The Water Works Park splash pad doesn’t stand alone. In addition to the one at Ballast Point Park
in south Tampa, others are popping up all over Pinellas County. The Kiwanis Sprayground
in Dunedin is packed every weekend. The city of Tarpon Springs in north Pinellas also unveiled a massive interactive splash park back in June.
“It’s great when trying to entertain kids of different ages,” says Heather Keener, a Clearwater resident who frequently takes her 11-month-old son to the splash pad in Dunedin. “My baby and my friend’s 5-year-olds all enjoy the same place.”
Like many parents, Keener specifically enjoys the splash pad’s proximity to the regular playground. She often lets the baby explore the pad’s different water-spraying elements before pushing him on the swing or taking a snack break at a nearby picnic table. The ability to bounce around between activities is especially appealing. Another draw is that spraygrounds represent a local, free activity for families.
Bonus: A Great Equalizer
According to Buckhorn, installing a splash pad comes with many benefits. For starters, it’s much more cost efficient than building and maintaining a pool. Another perk is that they encourage cultural diversity, creating a space where children of all socioeconomic backgrounds can come together to play. The mayor estimates that at least half of the kids frequenting the splash pad at Water Works Park are coming from North Boulevard Homes, a nearby public housing complex.
“A splash pad is a great equalizer,” says Buckhorn.
When it comes to creating a successful sprayground, certain elements are crucial. Weller Pools
, based in Apopka, is no stranger to designing interactive splash pads. In fact, the company worked on the team that got the one in Water Works Park off the ground. According to John Tuhela, President of Weller Pools, families are particularly drawn to the vertical spray elements and bright, colorful water fixtures that have come to characterize spraygrounds.

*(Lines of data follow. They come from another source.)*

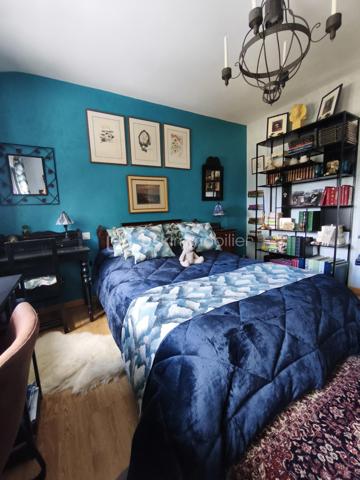 Située à Ploërmel, à proximité immédiate des écoles et des commerces, cette jolie maison 
familiale d’environ 133,54 m² habitables est implantée sur un terrain d’environ 526 m². 
Elle offre 7 pièces dont 4 chambres, ainsi que de nombreux espaces pratiques. 
Au rez-de-chaussée, vous trouverez une entrée, une cuisine équipée entièrement refaite, un 
agréable séjour salon avec cheminée à insert, une véranda, ainsi qu’un couloir avec placard. 
Une chambre avec rangement, une salle d’eau et un WC indépendant complètent ce niveau. 
À l’étage, 3 chambres avec rangement, une salle d’eau et un WC permettent d’accueillir 
confortablement toute la famille. 
Le sous-sol total comprend un garage, une buanderie et une cave, offrant de beaux espaces de 
rangement et de stockage. 
À l’extérieur, vous profiterez d’un agréable jardin paysagé d’environ 526 m².  
Construite en 1981, la maison est équipée d’un chauffage électrique et bénéficie d’un DPE 
classé D. 
Les + de cette maison 
• 133,54 m² habitables 
• 4 chambres 
• Terrain d’environ 526 m² 
• Très joli jardin  
• Cuisine équipée 
• Séjour avec cheminée  
• Véranda 
• Nombreux rangements 
• Sous-sol TOTAL  
• Aucun travaux à prévoir 
• Proximité ville et voie verte 
• Maison construite en 1981 
• Chauffage électrique 
• V.M.C. 
• DPE : D 
Une maison soignée, fonctionnelle et prête à vivre, idéale pour une famille souhaitant s’installer 
à Ploërmel tout en restant proche de toutes les commodités.
. Les informations sur les risques auxquels ce bien est exposé sont disponibles sur le site Géorisques :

The one in Water Works Park touts 64-gallon dumping buckets sure to cool off any kid working up a sweat.
“If you give a child a garden hose, he can play all day long,” says Tuhela. “And that’s the concept here. And for the parents’ sake, there’s no standing water.”
More Fun And Safer Too
This last detail, according to Tuhela, nearly eliminates the risk of drowning. Most splash pads also feature shaded areas from which parents can comfortably supervise their little ones. Tuhela says that all these features have made traditional wading pools a thing of the past.

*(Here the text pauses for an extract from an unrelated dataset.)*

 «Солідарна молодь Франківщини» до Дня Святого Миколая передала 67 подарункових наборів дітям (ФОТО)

“I would go as far as to bet you that probably less than 5 percent of the new developments that are going in right now, whether it’s private or whether it’s public, actually incorporate wading pools,” says Tuhela.
These outdated fixtures are swiftly being replaced by interactive water splash pads – and the trend shows no sign of slowing down.
Buckhorn, who used one of Water Works Park’s 64-gallon buckets to complete the ALS Ice Bucket Challenge, says that residents can expect to see more splash pads popping up around town (as well as more bike lanes). His office is also focusing a great deal of attention on redesigning Julian B. Lane Riverfront Park
, a nearly 25-acre space located on the Hillsborough River.
“It’s been a vastly underutilized, unsafe park for a long time largely because no one ever thought that development would leap the river to the west bank,” says Buckhorn.
According to the mayor, he and his team are actively reaching out to neighborhood residents to discuss what they would like to see at Julian B. Lane. Buckhorn’s main focus is figuring out a way to best take advantage of the waterfront, which is easily the park’s biggest source of potential.
“[H]ow do you activate it with walking trails, exercise stations and athletic fields?” says Buckhorn. “For everyone from little kids to seniors; how do we turn it into a destination waterfront-focused park?”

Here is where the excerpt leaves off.